[[ Available data, beginning ]]

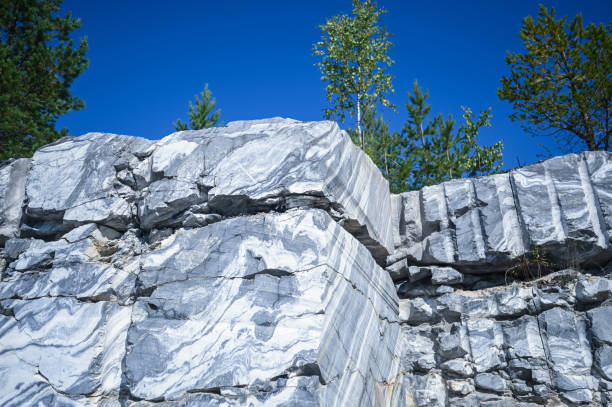 roche coupée surface brute de marbre blanc et gris dans l’environnement naturel. texture de carrière de marbre bleu - rock quarry photos et images de collection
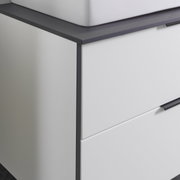 Close-up van een moderne wastafelcombinatie met een witte kast en een donker werkblad, gezien vanaf de zijkant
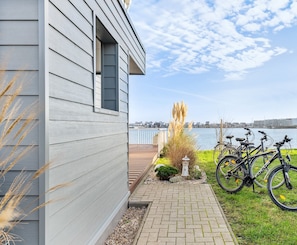 A house with a view of a body of water, a paved pathway, and bicycles parked outside. - Light-flooded villa with large terrace, direct waterfront, wellness area (Kappeln)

[[ Available data, end ]]

Once the pictures are set aside, give every line above again without alteration.

 roche coupée surface brute de marbre blanc et gris dans l’environnement naturel. texture de carrière de marbre bleu - rock quarry photos et images de collection
 Close-up van een moderne wastafelcombinatie met een witte kast en een donker werkblad, gezien vanaf de zijkant
 A house with a view of a body of water, a paved pathway, and bicycles parked outside. - Light-flooded villa with large terrace, direct waterfront, wellness area (Kappeln)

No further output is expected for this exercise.